After falling in love with cricket in the glorious Ashes summer of 1985 I went in search of every way to feed the voracious appetite for the game that I had developed. Playing outside with friends (pretending to be Gower, Botham or Ellison), magazines (not much around in the market for 8-year olds), books (many hours spent going over and over scorecards), TV coverage (plenty of terrestrial stuff during the summer) and games, both computer and tabletop.
My ZX Spectrum 48k was the gateway into the world of cricket in the virtual world. My Dad bought ‘Test Match Cricket’ and we’d spend hours together deciding whether to “RUN Y/N?” – no matter what you did the same outcome would happen in the first game. Still the novelty of editing the players’ names and watching your stick men scamper between the wickets had me enthralled. My other 1980s go-to game was ‘Graham Gooch’s Test Match Cricket’. You had far more players to choose from and you could control the players yourself, inevitably meaning you’d either be all out for 12 or tick along at 30 odd an over. Watching the brand new cherry come towards you in the centre of the screen when your batsman (with his head on back to front) had struck a perfect lofted straight drive.

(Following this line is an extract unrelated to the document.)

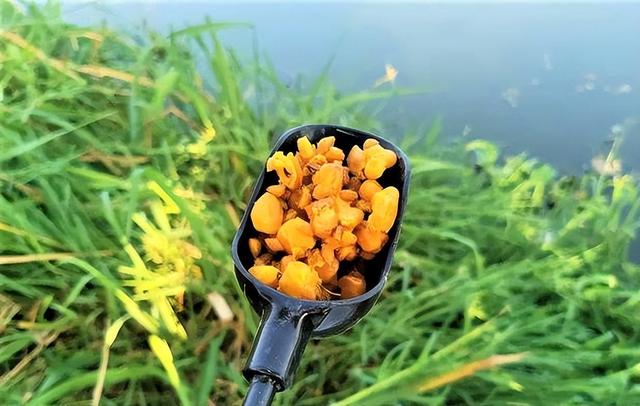 釣魚玉米面餌制作方法_釣魚玉米面制作秘方_玉米面釣魚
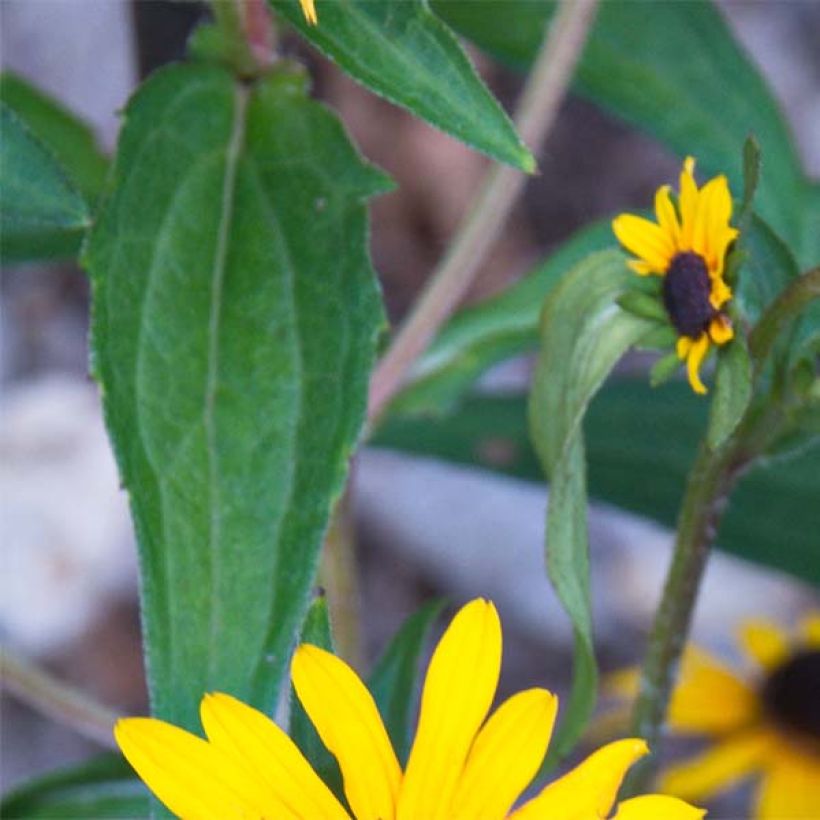 Gemeiner Sonnenhut Early Bird Gold - Rudbeckia fulgida (Foliage)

Away from the screen, in order to maintain regular shaped eyes the best “board” game by a country mile was the imaginatively titled ‘Test Match Cricket’ – I had the edition with Sir Ian and Lord Gower on the box. Botham resting his magnificent Duncan Fearnley bat on his shoulder like a knight of the round table with his sword, whilst a smiling Gower, hand on his talisman’s shoulder, ball in the other was his usual elegance personified. The game itself was/is fantastic ( I recently rescued it from my Mum’s attic and set it up again, minus a few pieces, it still provided lots of fun) From the rigid batsman to the metronome fast bowler, the fielders who would fall over if the ball was hit at them too hard, the game has it all. Maintaining a flat playing surface is key though, trying to play a cover drive across a few hills is fraught with danger. Likewise, a few bumps on the square leads to a Sabina Park 1998 feel to the wicket.
This leaves the final two games that I whiled away many a youthful hour with. ‘Armchair Cricket’ and ‘Owzthat’. Unfortunately for Armchair Cricket the complexity and necessity for a little cricket knowledge to play put off many of my friends so I never really got a chance to play the game too much, however the front of the box always sticks with me, the boy sat in his armchair in his pads holding his cards in front of him.

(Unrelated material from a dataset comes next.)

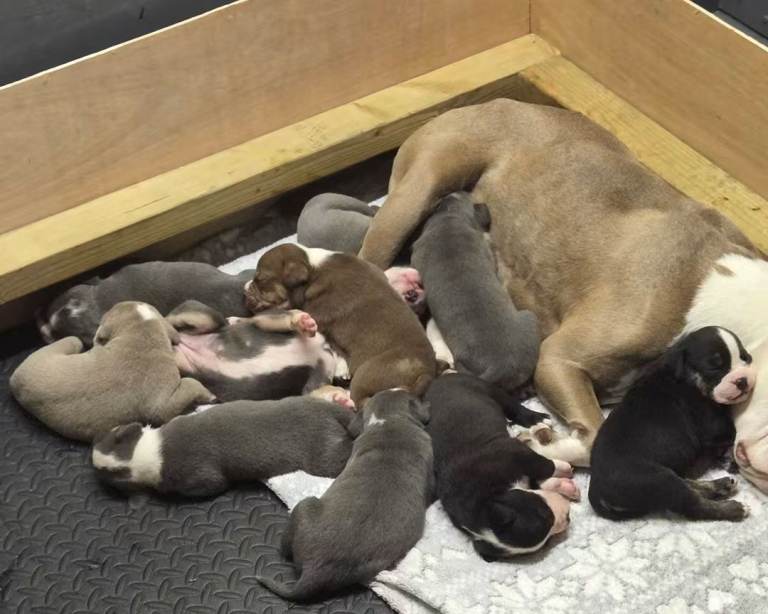 Old tyme bulldog pups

Owzthat is a bona fide classic. Great for old or young, it can be as complicated or simple as you like and the key factor for me was that you could play it by yourself. I would fill scores of exercise books up with my own played out versions of all manner of Test Series’ in the late 80s. For anyone not familiar with the game, you had two silver long die. The first one was your batting die, you’d score either 1, 2, 3, 4, 6 or face the dreaded “Owzthat”, if you got “Owzthat” you’d have to roll the second die which had bowled, caught, run out, no ball, not out or stumped. That’s it, that’s the game. So it was that the number of “st Dujon b Holding” dismissals were disproportionately high. Brave keeping to say the least!
That anomaly aside I lost hours to this game, there’s always been something comforting to me about a cricket scorecard and to be able to write my own out whilst playing this game was heaven to me. All the other games mentioned served to educate and enhance my love for our great game, I didn’t even need The Hundred.